When earth and rock above the compressible support column disclosed in the Townsend patent shift, settle, or are otherwise subjected to additional force, the wood inside of the upper and lower steel members compresses. The compression reduces the overall length of the assembled compressible support column, easing the force being exerted on the column. Additional settling or shifting of the mine roof further compresses the load resisting material, until the lower steel member is telescoped to its full extent inside of the upper steel member. At this point, the upper and lower steel columns begin to compress, causing the upper and lower steel members to bulge outwardly, away from the vertical axis of the assembled upper and lower steel columns.

One disadvantage of the prior art compressible support columns is that they are expensive to make. Another disadvantage is that adjusting the length of the columns during installation is time consuming. Therefore, one object of the present invention is to provide a column having a compressible support that is inexpensive to manufacture. Another object of the present invention is to make a column having a compressible support that can be installed quickly.

SUMMARY OF THE INVENTION

The present invention generally includes a compressible support which includes a male member defining a plurality of ridges and grooves and a collar which has an internal surface defining a plurality of corrugations. The corrugations adjustably engaging grooves defined by the male member, the ridges defined by the male member, and the corrugations defined by the collar yield when the male member and collar are compressed together

One embodiment of the present invention generally includes a post and a collar. A cap and a base may also be provided. The post has a first end, a second end, and a longitudinal axis. The post also includes ridges and grooves, generally in the form of threads, positioned adjacent the first end of the post.

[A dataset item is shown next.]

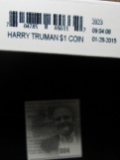 Unopened U.S. Mint Box containing the D Mint Harry Truman 25-piece Roll of Golden Dollars.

The collar has a first end, a second end, an internal surface, and an external surface. The second end of the collar is positioned adjacent the first end of the post during installation. Corrugations made from a material harder than the ridges and grooves of the post are positioned adjacent the internal surface of the collar. The corrugations adjustably engaging the ridges and grooves of the post, which are generally in the form of threads, are adjacent the first end of the post. The corrugations and threads allow the collar to be adjustable along a longitudinal axis of the post, essentially by threading the collar onto or off of the first end of the post. An optional cap and an optional base may be positioned adjacent the ends of the post and collar to distribute the force applied to the post and collar over a greater surface area.

When an initial or preloading force is exerted on the male member or post and the collar, referred to hereafter as the compressible support, the compressible support provides an equal and opposite force. As the force on the compressible support increases, the ridges positioned adjacent to the first end of the male member crush, yield, fracture, or strip, allowing the collar to move toward the second end of the male member, decreasing the overall length of the compressible support. Additional force causes additional crushing of the grooves adjacent the first end of the male member, until the movement of the collar toward the second end of the male member is arrested. At this point, further force causes the first end of the male member and the collar to compress, further decreasing the overall length of the compressible support.

Another embodiment of a compressible support according to the present invention generally includes a male member, a collar, and a post. In this embodiment, the male member is separate from the post.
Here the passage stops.